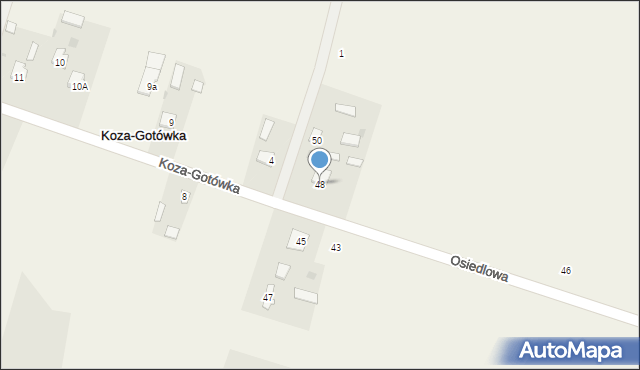 Srebrzyszcze, Osiedlowa, 48, mapa Srebrzyszcze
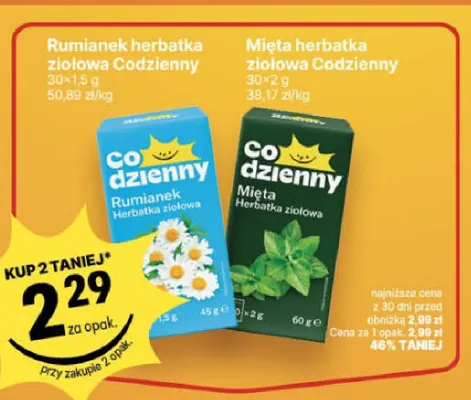 Rumianek herbatka ziołowa Codzienny promocja w Delikatesy Centrum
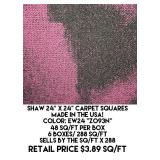 Shaw 24" x 24" Carpet Squares x 288 sq ft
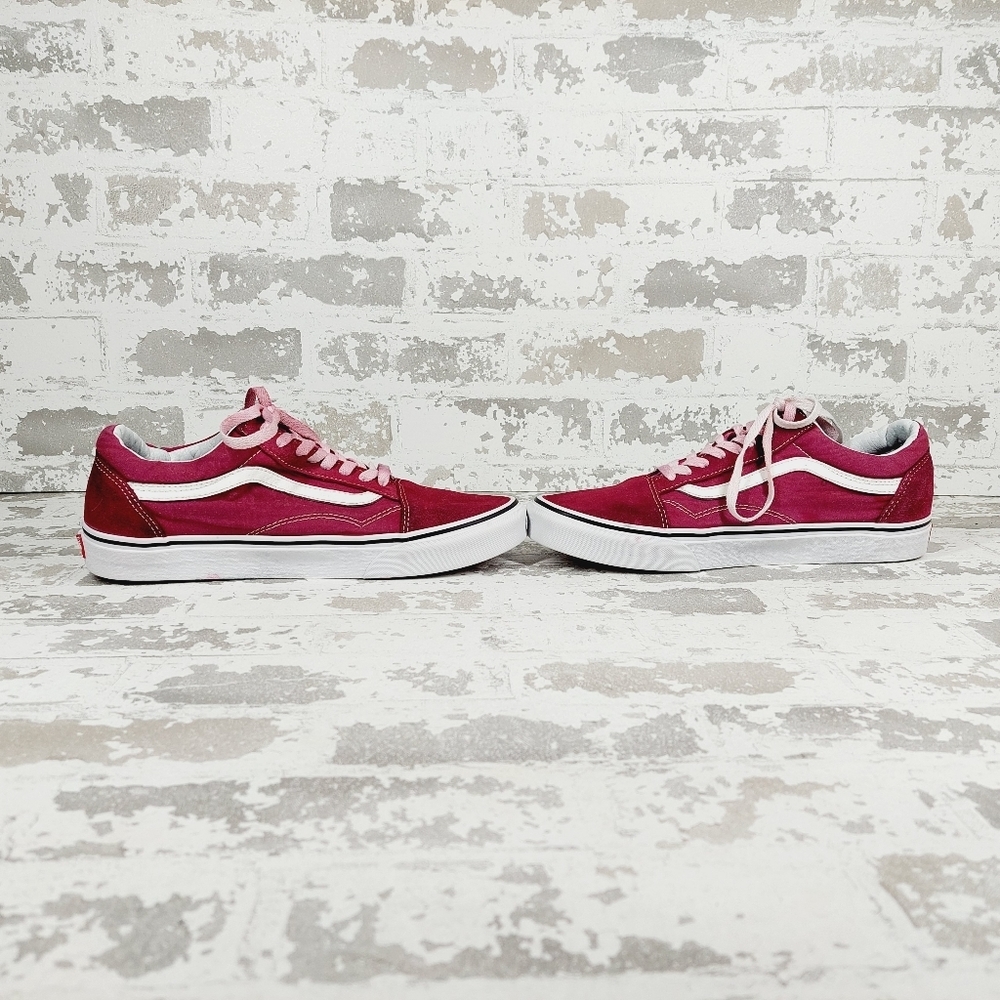 Vans Off the Wall Low Old Skool Rumba Red Suede Skateboard Sneakers C395 - Picture 7 of 11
★ ★ ★
Retype precisely, and only, the lines from the one holding "Rumianek herbatka ziołowa" through the final line of the data above, with the pictures omitted.

 Rumianek herbatka ziołowa Codzienny promocja w Delikatesy Centrum
 Shaw 24" x 24" Carpet Squares x 288 sq ft
 Vans Off the Wall Low Old Skool Rumba Red Suede Skateboard Sneakers C395 - Picture 7 of 11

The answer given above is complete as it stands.